Creato il 30 maggio 2011 da Sulromanzo

La vita erotica dei superuominiLa scrittura di Marco Mancassola, fissata in un punto dolente e irrisolto, sembra condannata a lottare col dolore, rifugiandosi in un momento del passato che precede o nega la tragedia, come a voler rivivere il tempo felice nella forma della ripetizione, che ricorda il suo oggetto in avanti, o del ricordo, il cui oggetto è già stato e, dunque, viene ripetuto all’indietro (Søren Kierkegaard, La ripetizione, 1843).

 

La vita erotica dei superuomini (Rizzoli, 2008) rappresenta il tentativo di un’esistenza di ripetere il proprio passato, illudendosi che tale processo possa tranquillizzare.

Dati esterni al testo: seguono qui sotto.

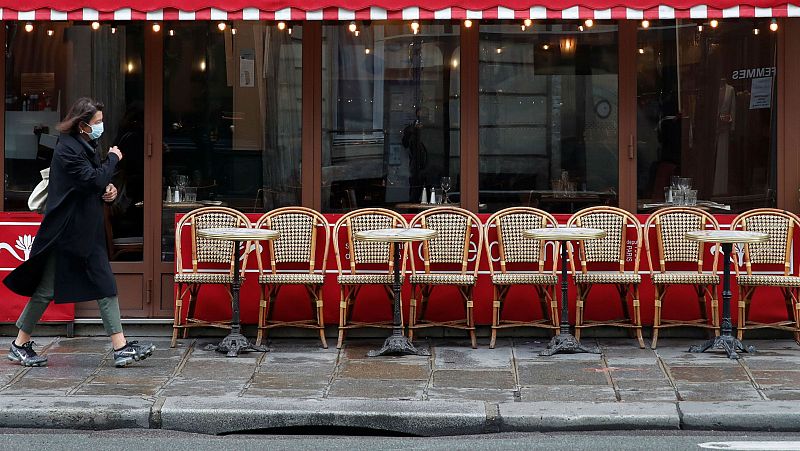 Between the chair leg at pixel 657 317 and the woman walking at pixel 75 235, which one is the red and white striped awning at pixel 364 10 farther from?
the chair leg at pixel 657 317

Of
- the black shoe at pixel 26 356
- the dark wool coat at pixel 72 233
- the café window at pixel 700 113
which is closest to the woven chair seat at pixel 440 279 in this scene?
the café window at pixel 700 113

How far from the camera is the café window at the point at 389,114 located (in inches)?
422

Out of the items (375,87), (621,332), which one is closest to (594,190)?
(621,332)

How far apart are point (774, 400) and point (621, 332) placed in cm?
256

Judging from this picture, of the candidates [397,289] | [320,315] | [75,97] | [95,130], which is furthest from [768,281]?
[75,97]

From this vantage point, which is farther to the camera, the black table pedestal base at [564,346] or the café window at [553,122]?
the café window at [553,122]

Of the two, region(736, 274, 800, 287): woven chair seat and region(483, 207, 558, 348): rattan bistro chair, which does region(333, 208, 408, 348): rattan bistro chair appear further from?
region(736, 274, 800, 287): woven chair seat

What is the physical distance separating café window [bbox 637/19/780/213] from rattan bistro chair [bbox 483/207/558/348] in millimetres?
1039

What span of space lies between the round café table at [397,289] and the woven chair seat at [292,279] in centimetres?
48

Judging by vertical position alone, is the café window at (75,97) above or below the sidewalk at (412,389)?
above

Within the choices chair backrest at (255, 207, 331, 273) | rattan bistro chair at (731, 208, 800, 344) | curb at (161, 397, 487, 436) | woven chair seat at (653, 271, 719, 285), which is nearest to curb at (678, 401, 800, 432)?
curb at (161, 397, 487, 436)

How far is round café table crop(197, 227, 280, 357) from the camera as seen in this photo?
378 inches

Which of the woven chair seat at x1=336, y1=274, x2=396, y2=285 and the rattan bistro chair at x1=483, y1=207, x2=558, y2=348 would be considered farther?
the rattan bistro chair at x1=483, y1=207, x2=558, y2=348

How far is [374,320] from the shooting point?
34.5 ft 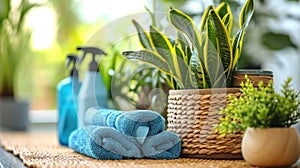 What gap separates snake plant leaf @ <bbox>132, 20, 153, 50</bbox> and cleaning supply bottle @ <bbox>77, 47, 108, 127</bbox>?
20 centimetres

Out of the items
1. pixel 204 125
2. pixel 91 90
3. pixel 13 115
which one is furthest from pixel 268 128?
pixel 13 115

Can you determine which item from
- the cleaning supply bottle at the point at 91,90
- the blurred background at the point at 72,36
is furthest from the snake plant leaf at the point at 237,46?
the blurred background at the point at 72,36

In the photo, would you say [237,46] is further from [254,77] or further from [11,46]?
[11,46]

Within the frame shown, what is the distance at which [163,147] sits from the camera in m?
0.81

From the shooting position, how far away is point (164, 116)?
35.4 inches

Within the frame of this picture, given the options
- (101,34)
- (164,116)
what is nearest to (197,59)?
(164,116)

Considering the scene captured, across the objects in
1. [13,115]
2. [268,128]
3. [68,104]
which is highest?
[268,128]

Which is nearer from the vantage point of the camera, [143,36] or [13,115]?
[143,36]

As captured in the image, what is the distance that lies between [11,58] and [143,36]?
3.42 ft

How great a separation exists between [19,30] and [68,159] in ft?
3.51

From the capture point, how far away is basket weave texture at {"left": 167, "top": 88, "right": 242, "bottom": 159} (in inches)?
30.8

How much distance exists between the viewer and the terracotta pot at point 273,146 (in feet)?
2.11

La storia di Reed Richards assume la modulazione del rimpianto, del desiderio di rendere rivivibile l’esperienza del passato, nel cui ricordo l’ex Mister Fantastic si rifugia per riacquistare pienezza e solidità. Non si tratta di regredire all’età dell’oro, ma di ristabilire uno stato di serenità, gioventù e appagamento; è il desiderio di tornare ad essere l’eroe del passato, il marito della Donna Invisibile.

L’amore per la giovane Elaine diventa il mezzo per ristabilire un contatto col paradiso perduto, in un percorso di ingabbiamento per renderla attrice della messinscena. Riconosce in lei qualcosa che ha già vissuto. L’avrebbe voluta perché la sua pelle splendeva, e nella luce tenue della stanza il suo corpo perdeva i contorni, diventando quasi un bagliore, una forma d’onda, una vibrazione di questa energia (p. 107). Reed vuole che Elaine diventi la Donna Invisibile.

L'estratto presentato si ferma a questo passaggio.